Select the lines of the records containing the word "Heritage" and list them.

Dataset entries

[Start of Attachment]

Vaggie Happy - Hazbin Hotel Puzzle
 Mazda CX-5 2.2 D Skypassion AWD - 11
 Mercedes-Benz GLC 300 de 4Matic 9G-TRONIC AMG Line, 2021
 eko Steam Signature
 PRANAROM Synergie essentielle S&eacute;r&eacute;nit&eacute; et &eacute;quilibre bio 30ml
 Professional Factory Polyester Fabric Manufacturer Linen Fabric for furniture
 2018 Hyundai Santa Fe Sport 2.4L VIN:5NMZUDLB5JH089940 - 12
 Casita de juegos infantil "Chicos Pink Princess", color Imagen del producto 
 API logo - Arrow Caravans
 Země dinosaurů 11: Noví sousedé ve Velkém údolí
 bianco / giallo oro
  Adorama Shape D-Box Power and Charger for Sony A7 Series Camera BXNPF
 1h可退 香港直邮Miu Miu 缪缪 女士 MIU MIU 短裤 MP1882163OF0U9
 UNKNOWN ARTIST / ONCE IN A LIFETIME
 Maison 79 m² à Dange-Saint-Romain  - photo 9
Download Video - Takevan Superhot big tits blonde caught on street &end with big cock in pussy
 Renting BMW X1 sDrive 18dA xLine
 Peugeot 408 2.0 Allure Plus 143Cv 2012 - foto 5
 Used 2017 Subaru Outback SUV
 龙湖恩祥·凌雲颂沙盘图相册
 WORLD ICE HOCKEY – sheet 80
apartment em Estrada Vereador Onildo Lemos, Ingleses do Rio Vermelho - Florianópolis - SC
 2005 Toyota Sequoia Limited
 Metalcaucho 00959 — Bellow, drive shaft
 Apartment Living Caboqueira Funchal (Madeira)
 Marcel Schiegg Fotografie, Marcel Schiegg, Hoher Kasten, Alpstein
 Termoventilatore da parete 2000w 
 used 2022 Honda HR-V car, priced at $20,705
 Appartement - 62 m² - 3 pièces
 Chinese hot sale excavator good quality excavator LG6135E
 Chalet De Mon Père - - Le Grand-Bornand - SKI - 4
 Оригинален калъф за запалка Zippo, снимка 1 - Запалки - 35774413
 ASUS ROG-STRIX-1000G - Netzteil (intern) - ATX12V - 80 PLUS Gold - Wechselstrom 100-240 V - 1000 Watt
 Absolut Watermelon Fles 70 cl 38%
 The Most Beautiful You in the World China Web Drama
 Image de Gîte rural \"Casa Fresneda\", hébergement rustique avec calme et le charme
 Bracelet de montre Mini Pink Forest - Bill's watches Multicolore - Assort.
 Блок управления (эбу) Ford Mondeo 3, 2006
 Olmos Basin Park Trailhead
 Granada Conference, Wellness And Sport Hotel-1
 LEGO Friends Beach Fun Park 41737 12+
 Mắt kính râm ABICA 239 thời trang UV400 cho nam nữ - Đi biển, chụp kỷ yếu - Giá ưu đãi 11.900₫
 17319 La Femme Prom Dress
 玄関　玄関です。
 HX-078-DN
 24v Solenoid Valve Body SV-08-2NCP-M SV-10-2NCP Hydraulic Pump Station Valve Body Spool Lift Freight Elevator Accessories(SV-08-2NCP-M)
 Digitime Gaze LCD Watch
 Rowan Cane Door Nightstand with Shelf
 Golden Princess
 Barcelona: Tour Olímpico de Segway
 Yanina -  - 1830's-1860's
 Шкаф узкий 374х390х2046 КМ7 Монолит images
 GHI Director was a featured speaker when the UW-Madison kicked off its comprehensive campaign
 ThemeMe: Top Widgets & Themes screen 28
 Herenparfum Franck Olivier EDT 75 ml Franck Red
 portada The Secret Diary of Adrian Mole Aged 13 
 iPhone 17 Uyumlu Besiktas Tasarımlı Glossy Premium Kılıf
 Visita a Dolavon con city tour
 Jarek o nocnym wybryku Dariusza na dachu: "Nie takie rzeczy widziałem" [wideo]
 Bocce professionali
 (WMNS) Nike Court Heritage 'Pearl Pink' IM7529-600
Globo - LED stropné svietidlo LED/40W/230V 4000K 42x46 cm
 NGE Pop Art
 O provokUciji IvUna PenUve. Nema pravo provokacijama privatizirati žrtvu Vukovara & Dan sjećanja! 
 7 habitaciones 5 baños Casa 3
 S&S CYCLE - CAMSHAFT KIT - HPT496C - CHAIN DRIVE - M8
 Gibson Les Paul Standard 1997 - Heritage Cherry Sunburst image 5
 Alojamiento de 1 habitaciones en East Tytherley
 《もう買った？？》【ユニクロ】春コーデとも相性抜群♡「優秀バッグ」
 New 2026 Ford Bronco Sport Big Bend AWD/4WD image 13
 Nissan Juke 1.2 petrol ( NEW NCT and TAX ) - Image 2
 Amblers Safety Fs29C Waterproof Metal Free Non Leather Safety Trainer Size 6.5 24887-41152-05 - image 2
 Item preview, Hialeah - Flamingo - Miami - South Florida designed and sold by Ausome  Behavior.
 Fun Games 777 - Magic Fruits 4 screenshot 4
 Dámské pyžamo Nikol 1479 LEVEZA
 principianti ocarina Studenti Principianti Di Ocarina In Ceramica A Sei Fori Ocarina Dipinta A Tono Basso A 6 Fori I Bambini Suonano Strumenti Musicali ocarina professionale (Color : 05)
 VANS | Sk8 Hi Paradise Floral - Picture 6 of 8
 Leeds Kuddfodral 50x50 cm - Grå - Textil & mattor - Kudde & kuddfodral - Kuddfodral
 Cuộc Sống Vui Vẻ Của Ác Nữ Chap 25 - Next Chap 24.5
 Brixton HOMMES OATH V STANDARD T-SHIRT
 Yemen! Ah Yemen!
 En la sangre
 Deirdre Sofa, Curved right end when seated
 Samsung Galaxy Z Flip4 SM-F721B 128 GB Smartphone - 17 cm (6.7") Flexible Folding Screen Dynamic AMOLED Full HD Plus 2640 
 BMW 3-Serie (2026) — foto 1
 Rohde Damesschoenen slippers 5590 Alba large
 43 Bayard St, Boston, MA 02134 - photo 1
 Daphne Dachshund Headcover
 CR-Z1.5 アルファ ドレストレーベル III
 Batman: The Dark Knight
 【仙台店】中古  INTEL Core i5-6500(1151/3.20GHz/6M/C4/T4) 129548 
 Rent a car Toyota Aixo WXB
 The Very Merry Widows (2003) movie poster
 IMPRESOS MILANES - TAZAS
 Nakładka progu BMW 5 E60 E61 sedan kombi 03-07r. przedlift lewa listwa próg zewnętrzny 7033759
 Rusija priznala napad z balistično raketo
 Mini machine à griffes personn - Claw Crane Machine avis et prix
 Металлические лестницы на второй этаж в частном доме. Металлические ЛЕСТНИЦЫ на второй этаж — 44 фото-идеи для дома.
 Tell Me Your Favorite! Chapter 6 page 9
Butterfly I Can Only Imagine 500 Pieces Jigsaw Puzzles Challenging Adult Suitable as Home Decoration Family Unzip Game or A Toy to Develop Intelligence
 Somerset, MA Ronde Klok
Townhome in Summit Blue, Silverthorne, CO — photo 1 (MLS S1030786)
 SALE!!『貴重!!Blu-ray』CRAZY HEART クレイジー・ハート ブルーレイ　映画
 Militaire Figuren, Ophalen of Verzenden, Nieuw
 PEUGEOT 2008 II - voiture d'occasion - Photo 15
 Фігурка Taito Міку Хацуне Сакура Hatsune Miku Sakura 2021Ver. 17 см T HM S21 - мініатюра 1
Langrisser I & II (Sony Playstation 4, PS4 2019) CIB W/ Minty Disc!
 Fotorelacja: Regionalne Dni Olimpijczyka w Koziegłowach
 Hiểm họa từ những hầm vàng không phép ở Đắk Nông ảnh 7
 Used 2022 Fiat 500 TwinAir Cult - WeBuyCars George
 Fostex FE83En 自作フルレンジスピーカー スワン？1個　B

[End of Attachment]

● **Answer to this problem**:
 (WMNS) Nike Court Heritage 'Pearl Pink' IM7529-600
 Gibson Les Paul Standard 1997 - Heritage Cherry Sunburst image 5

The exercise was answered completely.